A Battle Over Medicaid Coverage Takes Center Stage in Kentucky
The latest battle over Medicaid coverage in Kentucky has left advocates, providers, and patients in a seemingly perpetual state of limbo as benefits and new requirements are being contested in court, and as federal approval for a state waiver looms.
Since being elected, Governor Matt Bevin (R) has made rolling back the Medicaid expansion enacted by his predecessor three years ago a key priority. Bevin and the Republican-controlled state General Assembly have tried to strip dental and vision coverage and implement work requirements for Medicaid recipients under the proposed 1115 waiver.
“What is it we’re looking to change is, we simply want, for those that are able to be engaged in their own health outcomes, we want them to be, because there’s dignity and self-respect that is offered to people through the ability for people to do for themselves,” Bevin told the PBS NewsHour in January. “Human beings want to be treated with dignity and respect. They do. And we’re going to give them that opportunity.”
So far, those efforts have been thwarted by advocates and two federal judges. U.S. District Judge James Boasberg included thousands of comments from Medicaid recipients in his final decision in June that effectively halted the proposed changes to the program, primarily the enactment of work requirements. Boasberg said officials did not adequately consider what impact the changes would actually have on recipients’ ability to access healthcare coverage, which is a central aspect of Medicaid.
On Monday, U.S. District Judge Gregory Van Tatenhove dismissed Bevin’s lawsuit that sought to validate his administration’s proposed Medicaid changes, saying the administration failed to establish proper jurisdiction to bring the case before a federal judge.
People impacted by Medicaid must now wait for the Center for Medicare and Medicaid Services to review the Bevin administration’s new proposals and thousands of additional public comments before making a final decision about whether or not Kentucky’s waiver can stand.
The battle has focused mainly on work requirements, which would force Medicaid recipients to prove they’re actively employed or volunteering, and that they have worked more than 80 hours a month to maintain coverage.

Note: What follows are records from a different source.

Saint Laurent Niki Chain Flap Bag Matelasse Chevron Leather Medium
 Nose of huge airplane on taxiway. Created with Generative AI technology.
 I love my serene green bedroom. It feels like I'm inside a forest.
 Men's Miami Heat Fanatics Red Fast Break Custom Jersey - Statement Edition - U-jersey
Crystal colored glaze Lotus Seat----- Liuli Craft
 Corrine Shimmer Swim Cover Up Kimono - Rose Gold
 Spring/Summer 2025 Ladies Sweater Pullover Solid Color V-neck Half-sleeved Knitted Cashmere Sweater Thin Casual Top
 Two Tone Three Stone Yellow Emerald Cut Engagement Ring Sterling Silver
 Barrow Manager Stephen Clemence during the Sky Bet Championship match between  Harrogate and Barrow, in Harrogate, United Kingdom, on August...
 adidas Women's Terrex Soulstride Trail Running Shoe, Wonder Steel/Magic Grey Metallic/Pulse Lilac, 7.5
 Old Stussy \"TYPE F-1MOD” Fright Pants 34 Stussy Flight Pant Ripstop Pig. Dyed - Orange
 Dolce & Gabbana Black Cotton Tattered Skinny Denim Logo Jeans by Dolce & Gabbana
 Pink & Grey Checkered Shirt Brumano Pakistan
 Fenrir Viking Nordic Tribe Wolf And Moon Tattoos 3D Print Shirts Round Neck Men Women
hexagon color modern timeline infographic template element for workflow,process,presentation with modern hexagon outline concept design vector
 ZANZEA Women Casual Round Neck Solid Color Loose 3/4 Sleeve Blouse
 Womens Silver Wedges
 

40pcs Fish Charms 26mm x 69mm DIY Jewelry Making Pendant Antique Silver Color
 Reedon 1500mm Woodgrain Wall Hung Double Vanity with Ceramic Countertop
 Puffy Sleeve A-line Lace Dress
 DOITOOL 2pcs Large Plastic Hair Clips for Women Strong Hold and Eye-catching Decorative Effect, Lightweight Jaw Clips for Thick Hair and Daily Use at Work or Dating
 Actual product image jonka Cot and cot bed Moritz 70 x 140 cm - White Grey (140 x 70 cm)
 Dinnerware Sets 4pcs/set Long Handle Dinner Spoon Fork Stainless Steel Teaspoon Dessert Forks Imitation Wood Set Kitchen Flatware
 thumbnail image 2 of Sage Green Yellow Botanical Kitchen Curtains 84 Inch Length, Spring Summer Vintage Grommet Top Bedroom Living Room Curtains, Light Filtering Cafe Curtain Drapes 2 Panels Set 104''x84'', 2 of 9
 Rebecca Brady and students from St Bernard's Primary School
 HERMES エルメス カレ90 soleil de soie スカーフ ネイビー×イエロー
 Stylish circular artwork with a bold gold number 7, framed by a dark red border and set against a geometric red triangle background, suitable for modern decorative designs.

If they do not meet these requirements, or fail to keep their online records updated, they could be locked out of coverage for six months.
“The amount of red tape the waiver creates is disturbing, particularly coming from an administration that claims to believe in red tape reduction,” said Angela Koch, State Outreach and Education Director at Kentucky Voices for Health (KVH).
KVH is a statewide advocacy organization that informs citizens about healthcare coverage options and pushes for more equitable state healthcare policy. The organization has been trying to stay abreast of the ways in which Medicaid coverage will change if Kentucky’s 1115 waiver is approved, but Koch says it’s been “nearly impossible.”
“It’s been a very reactive period for advocates and those on the ground. We’ve had very little ability to plan,” Koch says.
Adam Meier, Kentucky’s secretary of the Cabinet for Health and Family Services, defended the state’s plan after the June court defeat as an “an innovative, thoughtfully crafted program that will strengthen Medicaid by engaging beneficiaries in their own health outcomes.”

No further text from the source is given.